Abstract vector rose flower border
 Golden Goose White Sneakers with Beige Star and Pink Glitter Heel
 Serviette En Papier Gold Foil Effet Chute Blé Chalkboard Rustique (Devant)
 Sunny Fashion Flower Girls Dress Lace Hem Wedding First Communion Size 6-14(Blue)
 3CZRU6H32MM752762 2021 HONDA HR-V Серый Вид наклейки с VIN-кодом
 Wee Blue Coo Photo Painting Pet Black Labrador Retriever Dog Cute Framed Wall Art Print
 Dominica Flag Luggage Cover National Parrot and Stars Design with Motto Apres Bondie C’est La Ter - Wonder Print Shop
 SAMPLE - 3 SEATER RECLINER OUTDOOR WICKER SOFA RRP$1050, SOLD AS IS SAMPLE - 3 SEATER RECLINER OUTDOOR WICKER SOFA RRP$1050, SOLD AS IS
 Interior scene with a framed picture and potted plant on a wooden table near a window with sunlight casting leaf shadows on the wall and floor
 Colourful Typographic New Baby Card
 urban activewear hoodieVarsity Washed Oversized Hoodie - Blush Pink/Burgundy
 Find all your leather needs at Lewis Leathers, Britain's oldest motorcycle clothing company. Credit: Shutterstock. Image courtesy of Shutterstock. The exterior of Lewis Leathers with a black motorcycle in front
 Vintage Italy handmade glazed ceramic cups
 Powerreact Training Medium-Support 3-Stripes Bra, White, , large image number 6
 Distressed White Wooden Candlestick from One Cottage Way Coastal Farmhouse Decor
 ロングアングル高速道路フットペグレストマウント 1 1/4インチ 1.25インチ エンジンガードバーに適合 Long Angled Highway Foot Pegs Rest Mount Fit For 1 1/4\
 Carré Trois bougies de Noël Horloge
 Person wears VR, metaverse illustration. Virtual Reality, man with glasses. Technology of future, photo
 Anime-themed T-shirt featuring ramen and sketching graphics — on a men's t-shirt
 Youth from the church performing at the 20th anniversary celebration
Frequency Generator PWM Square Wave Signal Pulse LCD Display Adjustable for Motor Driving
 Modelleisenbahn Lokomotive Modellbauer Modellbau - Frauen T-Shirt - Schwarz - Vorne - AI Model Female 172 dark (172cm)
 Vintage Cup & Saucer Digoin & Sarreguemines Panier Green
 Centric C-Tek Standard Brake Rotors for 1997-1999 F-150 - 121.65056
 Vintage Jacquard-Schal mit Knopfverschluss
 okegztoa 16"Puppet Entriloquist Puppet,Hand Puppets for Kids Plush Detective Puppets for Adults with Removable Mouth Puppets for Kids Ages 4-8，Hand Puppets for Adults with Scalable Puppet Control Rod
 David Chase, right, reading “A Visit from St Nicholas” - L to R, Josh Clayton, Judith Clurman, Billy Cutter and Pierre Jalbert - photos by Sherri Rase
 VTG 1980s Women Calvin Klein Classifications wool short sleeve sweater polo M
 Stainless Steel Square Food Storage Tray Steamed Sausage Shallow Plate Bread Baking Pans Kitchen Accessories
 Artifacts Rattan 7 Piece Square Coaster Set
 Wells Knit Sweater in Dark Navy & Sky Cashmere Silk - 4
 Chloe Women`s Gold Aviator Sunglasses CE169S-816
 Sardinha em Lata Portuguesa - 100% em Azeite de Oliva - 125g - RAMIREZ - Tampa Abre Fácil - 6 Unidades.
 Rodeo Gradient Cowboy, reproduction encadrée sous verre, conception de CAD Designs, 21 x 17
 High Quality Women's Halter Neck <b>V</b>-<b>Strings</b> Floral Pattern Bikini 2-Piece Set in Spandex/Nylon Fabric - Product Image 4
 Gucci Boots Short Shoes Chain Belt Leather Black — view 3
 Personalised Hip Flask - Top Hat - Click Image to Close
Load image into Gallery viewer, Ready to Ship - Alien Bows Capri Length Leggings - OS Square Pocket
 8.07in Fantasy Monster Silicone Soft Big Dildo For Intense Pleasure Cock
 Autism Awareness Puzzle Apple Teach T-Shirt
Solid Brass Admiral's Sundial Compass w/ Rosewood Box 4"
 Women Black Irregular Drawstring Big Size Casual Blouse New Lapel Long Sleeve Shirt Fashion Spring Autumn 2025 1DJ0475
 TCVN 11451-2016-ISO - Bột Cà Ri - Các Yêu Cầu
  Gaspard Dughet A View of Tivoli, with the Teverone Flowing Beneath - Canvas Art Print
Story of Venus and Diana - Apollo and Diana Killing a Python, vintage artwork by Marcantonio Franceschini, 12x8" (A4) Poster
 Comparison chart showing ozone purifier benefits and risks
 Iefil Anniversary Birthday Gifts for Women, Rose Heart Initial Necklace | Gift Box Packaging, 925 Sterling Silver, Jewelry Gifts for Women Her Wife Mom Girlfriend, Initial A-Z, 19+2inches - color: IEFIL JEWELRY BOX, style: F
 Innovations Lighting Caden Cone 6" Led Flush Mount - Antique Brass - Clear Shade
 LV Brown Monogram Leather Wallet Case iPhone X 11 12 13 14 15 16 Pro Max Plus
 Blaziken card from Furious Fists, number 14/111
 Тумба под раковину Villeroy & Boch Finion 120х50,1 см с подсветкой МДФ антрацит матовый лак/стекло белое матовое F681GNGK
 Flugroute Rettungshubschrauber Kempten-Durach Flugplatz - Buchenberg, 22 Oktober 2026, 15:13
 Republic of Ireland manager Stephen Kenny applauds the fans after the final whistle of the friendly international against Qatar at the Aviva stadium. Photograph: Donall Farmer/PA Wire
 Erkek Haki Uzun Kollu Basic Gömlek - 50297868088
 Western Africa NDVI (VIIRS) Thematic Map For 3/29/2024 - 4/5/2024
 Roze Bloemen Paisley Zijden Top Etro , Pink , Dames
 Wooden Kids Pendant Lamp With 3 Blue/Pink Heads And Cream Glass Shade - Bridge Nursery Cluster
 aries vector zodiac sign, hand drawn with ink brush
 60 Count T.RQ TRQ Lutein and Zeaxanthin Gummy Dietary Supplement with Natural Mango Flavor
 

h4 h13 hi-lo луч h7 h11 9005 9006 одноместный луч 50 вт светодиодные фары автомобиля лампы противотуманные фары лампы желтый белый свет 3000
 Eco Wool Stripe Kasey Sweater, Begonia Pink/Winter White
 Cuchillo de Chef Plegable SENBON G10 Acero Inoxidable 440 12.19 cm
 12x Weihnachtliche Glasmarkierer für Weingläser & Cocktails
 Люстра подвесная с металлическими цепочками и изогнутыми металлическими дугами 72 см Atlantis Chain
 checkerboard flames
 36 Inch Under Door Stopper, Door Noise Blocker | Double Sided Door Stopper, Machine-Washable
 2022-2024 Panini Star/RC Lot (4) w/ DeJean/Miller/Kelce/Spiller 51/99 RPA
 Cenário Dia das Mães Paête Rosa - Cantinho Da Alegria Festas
----
Only the lines from the top of the data through the line that contains "Vintage Italy handmade glazed ceramic cups" should be quoted, exactly as they stand.

Abstract vector rose flower border
 Golden Goose White Sneakers with Beige Star and Pink Glitter Heel
 Serviette En Papier Gold Foil Effet Chute Blé Chalkboard Rustique (Devant)
 Sunny Fashion Flower Girls Dress Lace Hem Wedding First Communion Size 6-14(Blue)
 3CZRU6H32MM752762 2021 HONDA HR-V Серый Вид наклейки с VIN-кодом
 Wee Blue Coo Photo Painting Pet Black Labrador Retriever Dog Cute Framed Wall Art Print
 Dominica Flag Luggage Cover National Parrot and Stars Design with Motto Apres Bondie C’est La Ter - Wonder Print Shop
 SAMPLE - 3 SEATER RECLINER OUTDOOR WICKER SOFA RRP$1050, SOLD AS IS SAMPLE - 3 SEATER RECLINER OUTDOOR WICKER SOFA RRP$1050, SOLD AS IS
 Interior scene with a framed picture and potted plant on a wooden table near a window with sunlight casting leaf shadows on the wall and floor
 Colourful Typographic New Baby Card
 urban activewear hoodieVarsity Washed Oversized Hoodie - Blush Pink/Burgundy
 Find all your leather needs at Lewis Leathers, Britain's oldest motorcycle clothing company. Credit: Shutterstock. Image courtesy of Shutterstock. The exterior of Lewis Leathers with a black motorcycle in front
 Vintage Italy handmade glazed ceramic cups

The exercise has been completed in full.